If you found yourself nodding, let me tell you this: you are not alone.

And the best part — this can be changed.

With some conscious effort and minor lifestyle changes, you will be able to get that wild, all-consuming love for books burning in your heart.

I know this because I had been an avid reader back in school. Then, college happened, and I got so busy, I could barely manage to read one book each month. Things got worse when I started working and months passed by when I didn’t read a single book.

It wasn’t that I wasn’t trying. I was. I just wasn’t able to love a book with all my heart to make me want to leave everything else and keep reading.

Reading felt like a chore and I was doing it not out of love for books, but for the need to keep checking off names on my TBR (to-be-read list).
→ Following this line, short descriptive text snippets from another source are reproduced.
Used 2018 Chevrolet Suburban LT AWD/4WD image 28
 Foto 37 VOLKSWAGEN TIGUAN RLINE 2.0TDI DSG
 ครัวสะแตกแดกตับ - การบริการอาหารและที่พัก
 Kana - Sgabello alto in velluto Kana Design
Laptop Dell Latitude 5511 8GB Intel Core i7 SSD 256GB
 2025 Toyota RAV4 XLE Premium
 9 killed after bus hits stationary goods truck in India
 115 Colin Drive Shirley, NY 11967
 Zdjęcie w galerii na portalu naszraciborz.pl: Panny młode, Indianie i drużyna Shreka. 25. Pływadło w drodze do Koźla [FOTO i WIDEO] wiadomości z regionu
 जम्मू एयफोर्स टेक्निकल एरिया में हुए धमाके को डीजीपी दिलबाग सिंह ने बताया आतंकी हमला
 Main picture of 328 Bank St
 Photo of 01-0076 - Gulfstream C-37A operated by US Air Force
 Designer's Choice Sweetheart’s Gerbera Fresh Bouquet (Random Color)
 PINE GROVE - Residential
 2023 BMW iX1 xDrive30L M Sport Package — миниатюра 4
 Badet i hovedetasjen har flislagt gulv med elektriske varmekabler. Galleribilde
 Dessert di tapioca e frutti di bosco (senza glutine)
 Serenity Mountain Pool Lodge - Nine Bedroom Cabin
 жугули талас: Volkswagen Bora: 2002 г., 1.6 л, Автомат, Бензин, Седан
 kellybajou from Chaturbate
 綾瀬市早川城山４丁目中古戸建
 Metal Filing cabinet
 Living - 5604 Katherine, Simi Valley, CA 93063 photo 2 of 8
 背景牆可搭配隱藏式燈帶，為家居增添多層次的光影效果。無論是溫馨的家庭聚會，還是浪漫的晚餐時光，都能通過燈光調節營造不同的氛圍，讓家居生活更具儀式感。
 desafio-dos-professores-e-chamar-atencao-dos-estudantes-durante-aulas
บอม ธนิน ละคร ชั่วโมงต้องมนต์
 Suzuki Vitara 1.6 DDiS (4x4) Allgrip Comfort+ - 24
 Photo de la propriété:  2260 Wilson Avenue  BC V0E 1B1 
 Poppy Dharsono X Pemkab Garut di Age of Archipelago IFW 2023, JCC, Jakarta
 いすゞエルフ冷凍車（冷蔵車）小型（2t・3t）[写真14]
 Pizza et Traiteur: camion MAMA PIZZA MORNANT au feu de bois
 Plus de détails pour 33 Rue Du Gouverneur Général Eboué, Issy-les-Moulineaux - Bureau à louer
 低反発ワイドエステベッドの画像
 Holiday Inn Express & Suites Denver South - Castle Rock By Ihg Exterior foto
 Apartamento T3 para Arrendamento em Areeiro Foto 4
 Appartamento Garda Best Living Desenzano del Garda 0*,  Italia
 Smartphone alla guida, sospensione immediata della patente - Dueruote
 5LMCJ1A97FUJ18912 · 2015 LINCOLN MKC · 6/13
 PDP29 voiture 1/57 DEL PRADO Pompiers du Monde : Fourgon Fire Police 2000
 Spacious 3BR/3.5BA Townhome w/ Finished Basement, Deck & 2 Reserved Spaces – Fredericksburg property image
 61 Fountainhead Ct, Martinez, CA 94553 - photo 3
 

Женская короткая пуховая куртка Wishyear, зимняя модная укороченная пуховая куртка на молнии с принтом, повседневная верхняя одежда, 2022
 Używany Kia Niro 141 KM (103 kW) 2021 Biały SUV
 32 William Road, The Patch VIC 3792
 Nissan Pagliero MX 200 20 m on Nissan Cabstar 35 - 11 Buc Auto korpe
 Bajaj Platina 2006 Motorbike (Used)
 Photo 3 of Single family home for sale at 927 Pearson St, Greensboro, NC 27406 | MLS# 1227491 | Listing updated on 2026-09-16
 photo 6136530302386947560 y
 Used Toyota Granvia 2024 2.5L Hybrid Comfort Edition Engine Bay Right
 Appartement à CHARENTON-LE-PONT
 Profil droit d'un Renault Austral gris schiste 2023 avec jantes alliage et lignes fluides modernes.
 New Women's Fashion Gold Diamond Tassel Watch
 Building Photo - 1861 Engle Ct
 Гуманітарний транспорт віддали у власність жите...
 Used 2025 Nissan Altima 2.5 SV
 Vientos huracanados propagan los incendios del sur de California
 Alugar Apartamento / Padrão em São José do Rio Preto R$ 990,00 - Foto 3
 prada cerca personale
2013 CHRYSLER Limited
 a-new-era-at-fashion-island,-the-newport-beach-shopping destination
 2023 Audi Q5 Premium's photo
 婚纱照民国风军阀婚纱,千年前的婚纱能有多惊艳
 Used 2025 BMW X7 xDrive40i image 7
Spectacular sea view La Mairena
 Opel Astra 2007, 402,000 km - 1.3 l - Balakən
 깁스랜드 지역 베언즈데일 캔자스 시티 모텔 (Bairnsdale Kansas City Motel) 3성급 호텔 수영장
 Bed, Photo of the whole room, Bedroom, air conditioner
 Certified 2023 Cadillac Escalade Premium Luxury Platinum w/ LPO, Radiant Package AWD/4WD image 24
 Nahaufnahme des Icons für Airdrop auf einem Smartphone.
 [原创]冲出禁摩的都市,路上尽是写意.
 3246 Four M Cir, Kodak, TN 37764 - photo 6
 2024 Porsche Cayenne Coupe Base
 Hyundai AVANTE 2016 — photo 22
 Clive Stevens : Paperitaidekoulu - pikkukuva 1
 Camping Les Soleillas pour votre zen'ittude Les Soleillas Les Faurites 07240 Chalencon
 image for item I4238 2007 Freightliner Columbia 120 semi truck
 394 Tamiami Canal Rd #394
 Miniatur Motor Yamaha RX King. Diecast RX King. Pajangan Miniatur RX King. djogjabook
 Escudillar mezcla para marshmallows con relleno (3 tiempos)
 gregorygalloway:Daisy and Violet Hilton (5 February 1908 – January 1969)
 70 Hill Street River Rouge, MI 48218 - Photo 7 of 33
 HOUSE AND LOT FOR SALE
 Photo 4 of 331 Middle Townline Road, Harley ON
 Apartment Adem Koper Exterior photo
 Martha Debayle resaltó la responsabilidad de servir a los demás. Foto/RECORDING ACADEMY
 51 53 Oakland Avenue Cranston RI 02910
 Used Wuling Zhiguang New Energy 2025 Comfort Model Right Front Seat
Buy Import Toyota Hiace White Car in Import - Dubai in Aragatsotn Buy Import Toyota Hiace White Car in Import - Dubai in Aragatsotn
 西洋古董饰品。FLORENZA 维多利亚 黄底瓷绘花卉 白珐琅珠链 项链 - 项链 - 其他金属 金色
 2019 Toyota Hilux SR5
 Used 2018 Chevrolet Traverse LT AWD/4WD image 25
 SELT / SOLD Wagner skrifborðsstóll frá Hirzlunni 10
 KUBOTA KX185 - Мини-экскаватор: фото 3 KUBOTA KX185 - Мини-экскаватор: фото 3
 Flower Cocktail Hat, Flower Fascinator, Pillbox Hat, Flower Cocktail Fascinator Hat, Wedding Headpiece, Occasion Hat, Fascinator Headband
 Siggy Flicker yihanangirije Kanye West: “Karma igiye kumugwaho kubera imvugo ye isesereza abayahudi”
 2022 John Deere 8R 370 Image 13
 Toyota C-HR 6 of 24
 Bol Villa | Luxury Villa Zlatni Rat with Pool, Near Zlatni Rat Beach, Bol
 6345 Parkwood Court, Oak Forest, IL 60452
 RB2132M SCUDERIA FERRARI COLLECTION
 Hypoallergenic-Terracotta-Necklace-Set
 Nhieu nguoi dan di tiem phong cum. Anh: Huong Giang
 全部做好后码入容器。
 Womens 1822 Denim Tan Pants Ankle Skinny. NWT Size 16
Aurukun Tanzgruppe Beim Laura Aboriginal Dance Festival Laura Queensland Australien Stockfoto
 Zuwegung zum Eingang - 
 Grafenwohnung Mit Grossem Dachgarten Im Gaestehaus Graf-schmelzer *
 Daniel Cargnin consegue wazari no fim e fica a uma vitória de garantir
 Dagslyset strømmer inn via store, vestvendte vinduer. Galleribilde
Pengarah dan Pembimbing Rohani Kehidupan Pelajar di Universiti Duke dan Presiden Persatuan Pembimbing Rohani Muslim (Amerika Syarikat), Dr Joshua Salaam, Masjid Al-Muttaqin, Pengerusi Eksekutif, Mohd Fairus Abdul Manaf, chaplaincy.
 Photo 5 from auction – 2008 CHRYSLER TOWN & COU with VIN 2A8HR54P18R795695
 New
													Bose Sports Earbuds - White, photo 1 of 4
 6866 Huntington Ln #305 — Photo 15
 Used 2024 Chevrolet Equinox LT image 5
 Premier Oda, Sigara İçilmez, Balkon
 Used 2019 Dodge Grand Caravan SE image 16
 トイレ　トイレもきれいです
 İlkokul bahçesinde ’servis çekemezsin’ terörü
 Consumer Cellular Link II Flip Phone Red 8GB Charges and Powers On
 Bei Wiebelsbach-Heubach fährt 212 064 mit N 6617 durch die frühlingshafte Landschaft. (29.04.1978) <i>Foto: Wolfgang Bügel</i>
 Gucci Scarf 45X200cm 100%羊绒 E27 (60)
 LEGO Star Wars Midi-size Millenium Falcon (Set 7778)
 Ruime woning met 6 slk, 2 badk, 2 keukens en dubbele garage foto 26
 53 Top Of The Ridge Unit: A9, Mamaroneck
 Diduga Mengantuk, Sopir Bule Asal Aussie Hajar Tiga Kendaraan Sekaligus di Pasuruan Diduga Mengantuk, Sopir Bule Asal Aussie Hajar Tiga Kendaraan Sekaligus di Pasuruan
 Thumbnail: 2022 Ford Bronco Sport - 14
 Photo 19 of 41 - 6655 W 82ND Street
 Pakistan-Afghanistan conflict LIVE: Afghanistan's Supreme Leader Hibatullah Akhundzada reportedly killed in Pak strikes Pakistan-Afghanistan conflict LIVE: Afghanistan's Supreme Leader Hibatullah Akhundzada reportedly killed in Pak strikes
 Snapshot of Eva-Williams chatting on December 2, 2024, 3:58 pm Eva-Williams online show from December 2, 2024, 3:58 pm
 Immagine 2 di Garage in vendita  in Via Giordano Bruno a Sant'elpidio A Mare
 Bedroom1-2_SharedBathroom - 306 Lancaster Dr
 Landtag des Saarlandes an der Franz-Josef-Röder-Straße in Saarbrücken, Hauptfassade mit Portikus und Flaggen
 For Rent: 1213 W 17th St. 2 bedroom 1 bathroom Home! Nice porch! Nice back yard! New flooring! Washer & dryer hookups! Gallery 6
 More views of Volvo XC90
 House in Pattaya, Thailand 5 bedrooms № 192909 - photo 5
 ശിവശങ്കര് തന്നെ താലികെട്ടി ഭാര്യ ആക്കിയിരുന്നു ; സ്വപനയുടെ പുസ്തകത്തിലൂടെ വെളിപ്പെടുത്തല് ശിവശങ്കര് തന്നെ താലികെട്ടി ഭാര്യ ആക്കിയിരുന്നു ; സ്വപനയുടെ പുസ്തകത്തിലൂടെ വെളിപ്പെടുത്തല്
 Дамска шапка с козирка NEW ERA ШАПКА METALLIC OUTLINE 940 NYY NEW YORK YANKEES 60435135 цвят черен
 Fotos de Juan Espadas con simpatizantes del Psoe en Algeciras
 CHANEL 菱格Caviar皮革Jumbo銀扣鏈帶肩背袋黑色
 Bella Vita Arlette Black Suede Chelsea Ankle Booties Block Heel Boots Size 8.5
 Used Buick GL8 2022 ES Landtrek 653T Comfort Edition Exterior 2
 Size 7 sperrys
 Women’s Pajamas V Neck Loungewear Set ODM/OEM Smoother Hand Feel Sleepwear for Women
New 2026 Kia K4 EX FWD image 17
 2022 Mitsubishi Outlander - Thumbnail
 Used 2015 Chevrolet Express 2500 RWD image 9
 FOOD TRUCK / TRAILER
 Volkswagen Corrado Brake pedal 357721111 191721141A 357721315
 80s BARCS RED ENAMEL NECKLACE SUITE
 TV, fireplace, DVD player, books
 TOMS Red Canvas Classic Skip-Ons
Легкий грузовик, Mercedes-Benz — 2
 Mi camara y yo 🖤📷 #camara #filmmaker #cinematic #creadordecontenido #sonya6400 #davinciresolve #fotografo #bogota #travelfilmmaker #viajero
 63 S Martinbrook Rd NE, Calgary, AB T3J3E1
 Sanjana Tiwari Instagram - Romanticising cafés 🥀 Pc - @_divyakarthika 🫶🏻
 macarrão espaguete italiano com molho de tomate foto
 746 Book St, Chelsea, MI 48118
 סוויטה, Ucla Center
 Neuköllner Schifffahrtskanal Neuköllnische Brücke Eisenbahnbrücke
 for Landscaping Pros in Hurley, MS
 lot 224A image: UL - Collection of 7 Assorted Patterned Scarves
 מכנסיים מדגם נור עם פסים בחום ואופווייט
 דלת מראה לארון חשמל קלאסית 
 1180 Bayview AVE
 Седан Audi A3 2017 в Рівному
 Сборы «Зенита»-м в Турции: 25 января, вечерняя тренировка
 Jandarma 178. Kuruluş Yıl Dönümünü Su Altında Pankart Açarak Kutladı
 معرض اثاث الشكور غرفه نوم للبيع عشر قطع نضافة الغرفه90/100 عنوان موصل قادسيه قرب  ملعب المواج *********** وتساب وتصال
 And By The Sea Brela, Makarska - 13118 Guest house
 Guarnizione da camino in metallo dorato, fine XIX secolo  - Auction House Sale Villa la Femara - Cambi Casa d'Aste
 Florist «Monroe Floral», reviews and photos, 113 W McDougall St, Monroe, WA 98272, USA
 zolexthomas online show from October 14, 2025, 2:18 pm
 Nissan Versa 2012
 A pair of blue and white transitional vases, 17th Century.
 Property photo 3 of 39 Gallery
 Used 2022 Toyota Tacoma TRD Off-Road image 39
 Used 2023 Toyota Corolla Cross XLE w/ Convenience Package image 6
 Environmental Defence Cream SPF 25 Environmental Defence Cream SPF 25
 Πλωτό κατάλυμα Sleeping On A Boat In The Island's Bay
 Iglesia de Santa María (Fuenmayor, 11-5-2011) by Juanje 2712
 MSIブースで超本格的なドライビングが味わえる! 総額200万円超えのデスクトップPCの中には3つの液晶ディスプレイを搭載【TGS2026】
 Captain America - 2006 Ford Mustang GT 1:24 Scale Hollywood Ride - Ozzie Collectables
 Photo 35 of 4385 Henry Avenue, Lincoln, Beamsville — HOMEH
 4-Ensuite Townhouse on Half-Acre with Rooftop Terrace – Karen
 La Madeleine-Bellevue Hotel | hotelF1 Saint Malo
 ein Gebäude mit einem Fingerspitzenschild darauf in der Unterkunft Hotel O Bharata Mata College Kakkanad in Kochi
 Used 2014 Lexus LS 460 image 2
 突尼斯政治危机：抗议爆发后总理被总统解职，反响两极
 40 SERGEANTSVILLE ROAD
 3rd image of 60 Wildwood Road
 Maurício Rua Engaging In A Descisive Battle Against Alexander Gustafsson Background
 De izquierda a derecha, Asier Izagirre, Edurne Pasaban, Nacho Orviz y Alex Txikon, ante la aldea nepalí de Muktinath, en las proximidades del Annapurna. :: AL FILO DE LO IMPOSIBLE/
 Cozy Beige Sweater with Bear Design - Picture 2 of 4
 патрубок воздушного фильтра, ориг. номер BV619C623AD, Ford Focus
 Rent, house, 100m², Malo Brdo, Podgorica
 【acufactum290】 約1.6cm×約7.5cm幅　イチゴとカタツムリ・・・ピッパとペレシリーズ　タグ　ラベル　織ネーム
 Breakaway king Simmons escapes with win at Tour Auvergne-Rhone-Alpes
But then, I made some decisions in 2019 that helped me read 81 books in one year. I did not skim through but read them with the passion that made me forgo sleep and stay up all night to finish a scene.

In this article, I am going to share with you all the tips and hacks I followed to start enjoying reading again. I hope they will resonate with you and help you become a passionate reader.

Don’t Take Too Long To Finish A Book

I have observed that the longer I take to finish a book, the lesser invested I would be in its story. This might be true for others as well because you can only be immersed in the world an author creates if you read it in a flow and let the atmosphere pull you in.

Reading in between tasks

If you read the book at random moments of the day in between tasks, you wouldn’t be able to invest your attention in it fully. Your mind would likely be elsewhere, thinking of what needs to be done immediately after or how you didn’t perform the previous task well enough.

You need to be mindful while reading, and you can do that only when no other thoughts are lingering in your brain as you read.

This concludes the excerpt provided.